A Home Equity Conversion Mortgage (HECM) may be a reasonable reverse mortgage choice for you — either now, or at some future time. But until you compare it to your other options, you cannot make an informed decision about it. Seriously considering all your options will help you see more clearly why you prefer some to others. It is also likely to lead you to the decision that best serves your needs.

Timing is another key factor. During the next year or two, HECM loan costs are likely to decrease and a variety of new, lower-cost proprietary reverse mortgages are likely to become available. So if you do not have an urgent need at present, it makes sense to wait until the costs come down and you have more choices.

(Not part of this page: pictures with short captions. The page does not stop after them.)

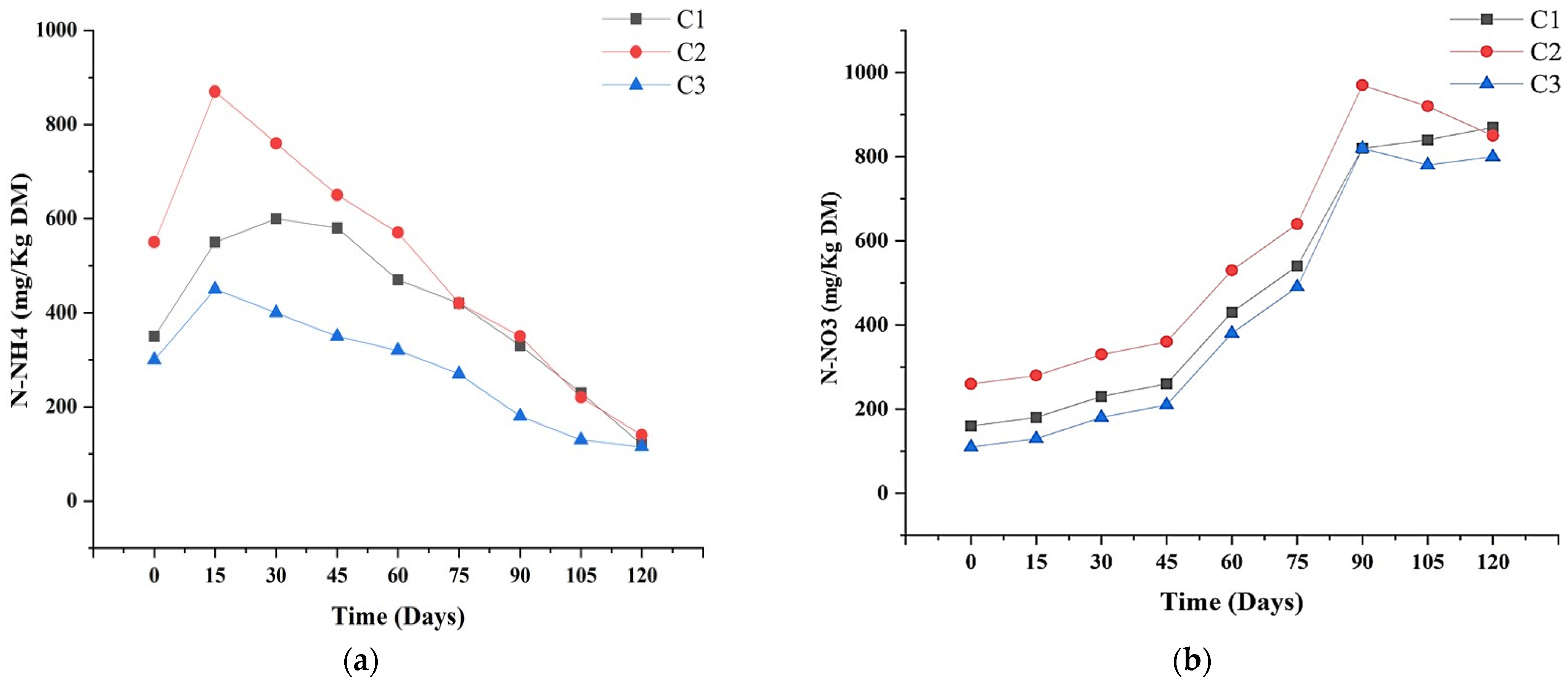 Agronomy 14 01573 g008a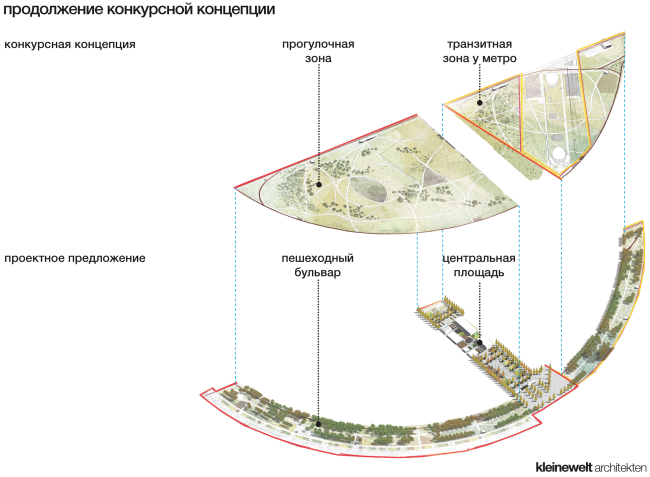 ���� �� ��������� ����, ������ 2015-2016 � Kleinewelt Architekten. ������������� ��� �� �����������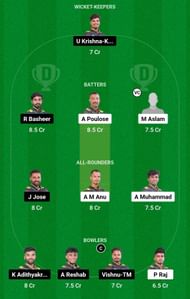 PAU vs ACC Dream11 Prediction Team, Grand League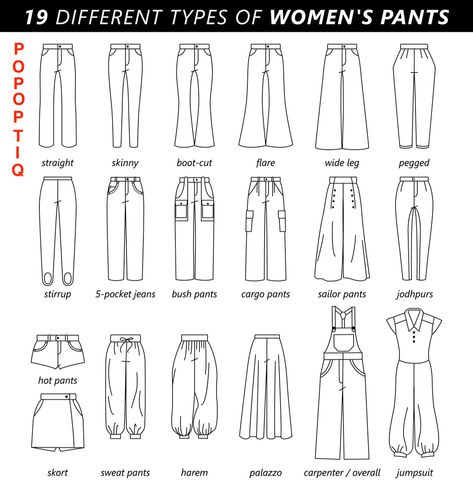 Chart setting out the different types of pants Tutorial Dasi, Pola Jumpsuit, Different Types Of Pants, Clothes Sketch, Lukisan Fesyen, Áo Blu, Lakaran Fesyen, Fashion Infographic, Fashion Drawing Sketches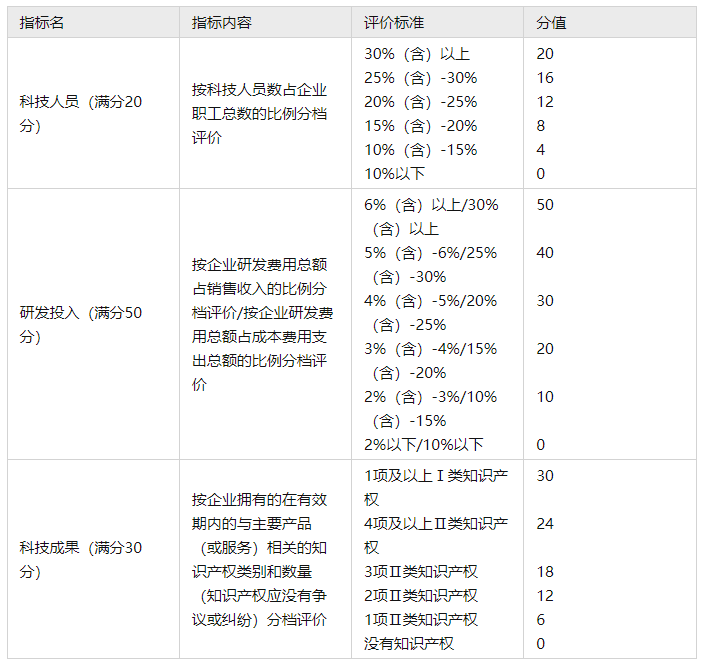 科技型中小企業(yè)評價(jià)指標(biāo)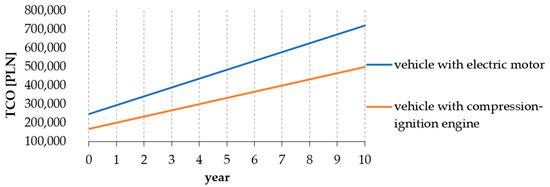 Energies 15 08392 g025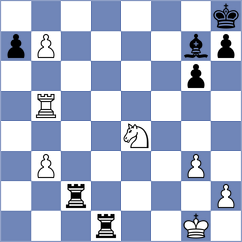 Noroozi - Argandona Riveiro (chess.com INT, 2025)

A reverse mortgage counselor can help you find details on alternatives to reverse mortgages. But it's a good idea to investigate them before seeing a counselor. If you do, you can use the counseling session to ask questions about your other choices that may arise when you look into them.

So be certain to explore the options and alternatives in the Other Choices section of this Web site's Reverse Mortgages information. Even if you end up getting a HECM, combining it with another option may make more sense than not.

Proprietary Reverse Mortgages

If you are considering a proprietary reverse mortgage, you must proceed with caution. If your home is worth more than $850,000 ($1.1 million for couples), you might be able to get larger loan advances than you could get from a HECM. But you are also highly likely to pay more, and you need to understand how much more these loans can cost.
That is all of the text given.